The investor group that experienced the greatest
“life lesson” with this sudden spike in volatility were the holders of an anti-VIX fund: VelocityShares Daily Inverse VIX Short-term ETN (XIV). For newer investors, “VIX” is a market index that measures volatility.
XIV suffered a near-100% loss over the past week, at which point the fund manager (Credit Suisse) simply folded the fund.
Betting on the VIX has been an investment option for several years: a bet that volatility would
increase. Obviously such bets would have been a losing venture over the past few years.
The short VIX fund is a much more recent market contrivance: betting against volatility. It was a good bet for a couple of years. The question is: why were people still sitting in this fund?
There was no possibility that this extreme lack of volatility could get even more skewed. A certain amount of volatility is mathematically inevitable.

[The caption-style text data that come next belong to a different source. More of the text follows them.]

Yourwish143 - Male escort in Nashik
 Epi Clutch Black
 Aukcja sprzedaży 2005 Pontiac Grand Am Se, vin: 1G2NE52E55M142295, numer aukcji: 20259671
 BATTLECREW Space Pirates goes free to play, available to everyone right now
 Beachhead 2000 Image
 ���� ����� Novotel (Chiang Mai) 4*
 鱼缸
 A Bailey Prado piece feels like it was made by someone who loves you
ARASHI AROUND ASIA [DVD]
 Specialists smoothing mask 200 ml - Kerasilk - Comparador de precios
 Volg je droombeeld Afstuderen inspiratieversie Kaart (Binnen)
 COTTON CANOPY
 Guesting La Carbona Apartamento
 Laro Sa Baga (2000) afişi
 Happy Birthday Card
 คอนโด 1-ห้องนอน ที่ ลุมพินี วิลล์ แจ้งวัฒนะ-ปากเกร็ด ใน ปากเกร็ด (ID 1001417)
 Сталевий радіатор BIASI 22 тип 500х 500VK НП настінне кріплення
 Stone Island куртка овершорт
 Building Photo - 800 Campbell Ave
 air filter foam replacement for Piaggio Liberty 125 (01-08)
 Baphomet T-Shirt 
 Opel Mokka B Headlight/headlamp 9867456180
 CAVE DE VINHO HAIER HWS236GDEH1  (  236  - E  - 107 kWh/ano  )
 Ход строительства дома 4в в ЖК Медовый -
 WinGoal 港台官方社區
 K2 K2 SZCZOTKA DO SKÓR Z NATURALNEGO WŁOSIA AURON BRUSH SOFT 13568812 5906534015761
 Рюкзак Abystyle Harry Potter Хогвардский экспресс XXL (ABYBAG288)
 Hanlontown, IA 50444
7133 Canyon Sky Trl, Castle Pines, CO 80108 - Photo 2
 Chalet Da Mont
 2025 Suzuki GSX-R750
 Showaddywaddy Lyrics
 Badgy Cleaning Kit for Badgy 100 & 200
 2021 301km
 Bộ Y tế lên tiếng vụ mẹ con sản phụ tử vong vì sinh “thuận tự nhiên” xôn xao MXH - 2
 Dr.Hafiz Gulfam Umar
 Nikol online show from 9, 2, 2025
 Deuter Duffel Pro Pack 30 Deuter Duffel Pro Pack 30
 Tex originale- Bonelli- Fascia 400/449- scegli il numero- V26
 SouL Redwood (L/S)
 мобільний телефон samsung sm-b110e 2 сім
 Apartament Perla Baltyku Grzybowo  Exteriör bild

This was a fund that could not possibly go higher, with an extremely high probability of a sharp move down – as soon as volatility returned.
Clearly those investors holding this fund suffered from terminal complacency, sitting on an investment that couldn’t possibly go higher, just because they liked it. Even more bizarre, reports indicate that the largest holders of this fund were
other fund managers.
These people are supposedly “experts” in investing. How could they have gotten caught with their pants down like this, resulting in a 100% meltdown in one of their holdings? Complacency.
Yesterday, the Dow jumped several hundred points off the open. It gave back all of those gains and moved into the red, then it spiked higher closing the day up more than 500 points. Insane.
In just a few days, we have gone from record low volatility to extremely high volatility. This could be a signal that markets have peaked. It could just be temporary turbulence. Either way, investors have received a wake-up call – especially the holders of XIV.
Volatility is a normal part of markets. They go up; they go down. Betting against volatility was a bet against human nature.
Volatility has returned to our markets. It would be unwise to bet that it is going to go away.